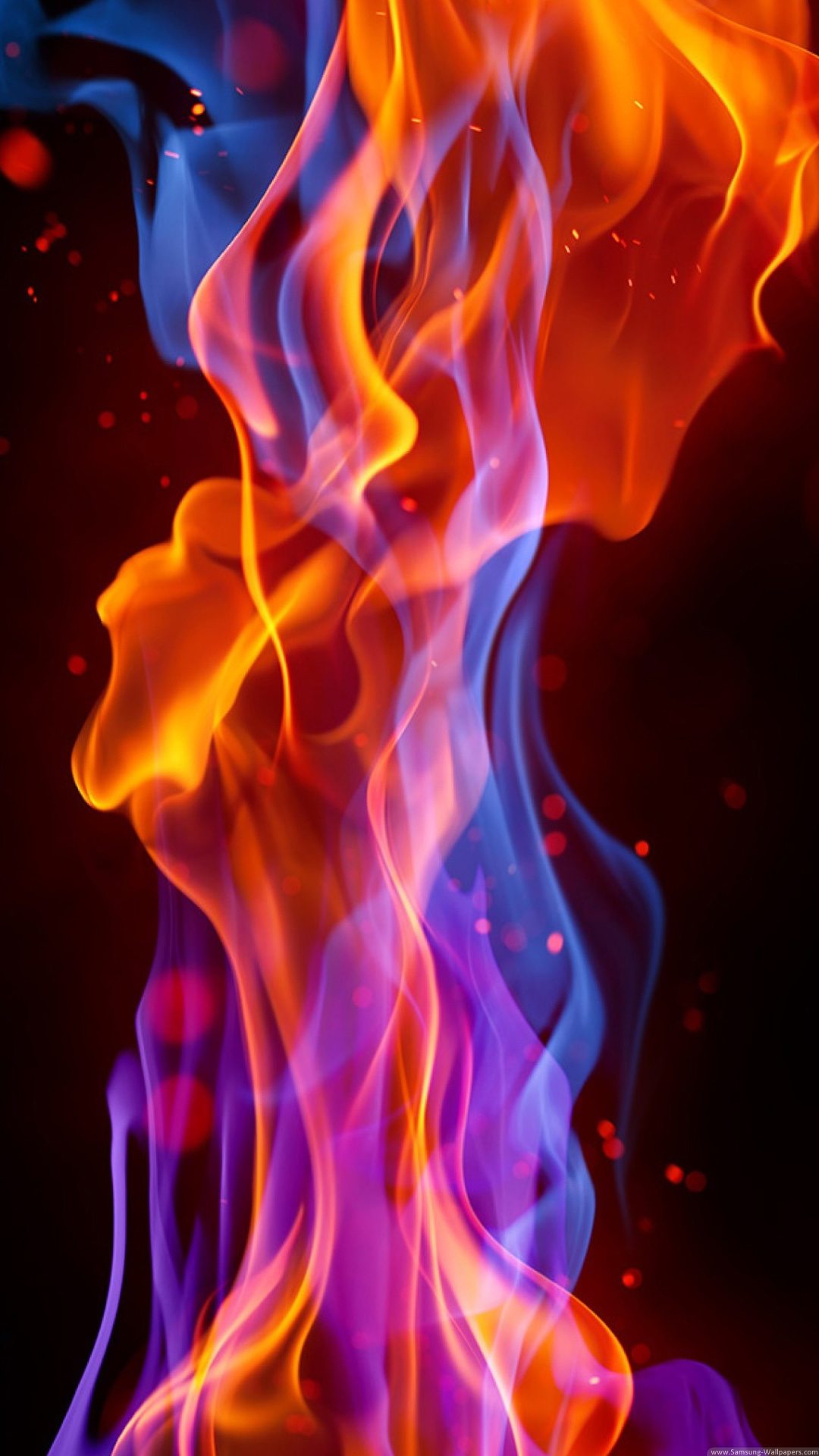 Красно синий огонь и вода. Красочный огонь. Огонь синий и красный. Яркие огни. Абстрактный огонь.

--

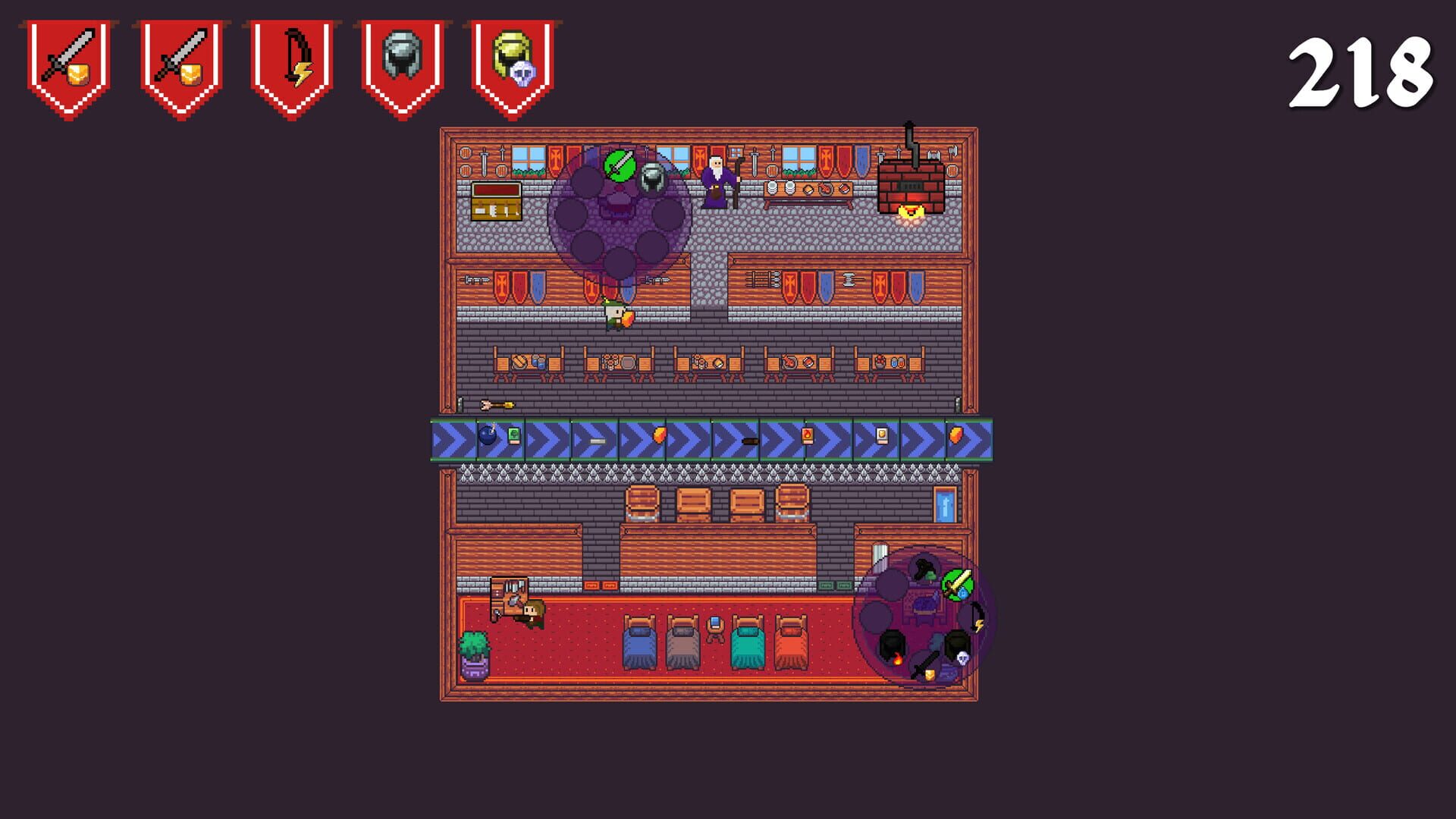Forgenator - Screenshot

---

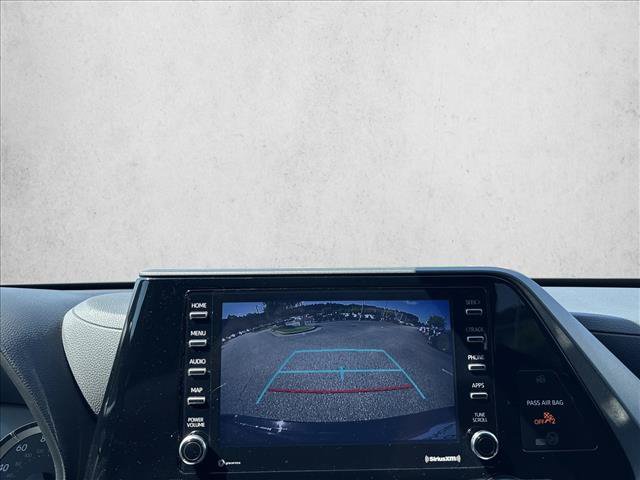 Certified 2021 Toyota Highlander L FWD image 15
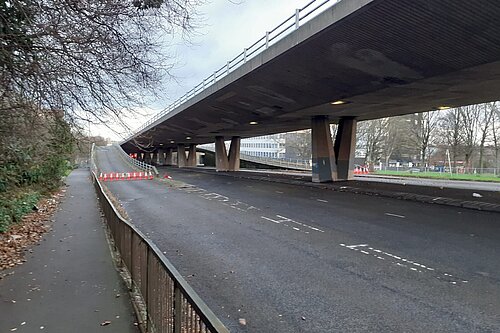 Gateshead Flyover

Directions:
Start at the line containing "Certified 2021 Toyota" above and stop at the line containing "Gateshead Flyover". Output those lines exactly, both included, but none of the pictures.

Answer to the problem:
 Certified 2021 Toyota Highlander L FWD image 15
 Gateshead Flyover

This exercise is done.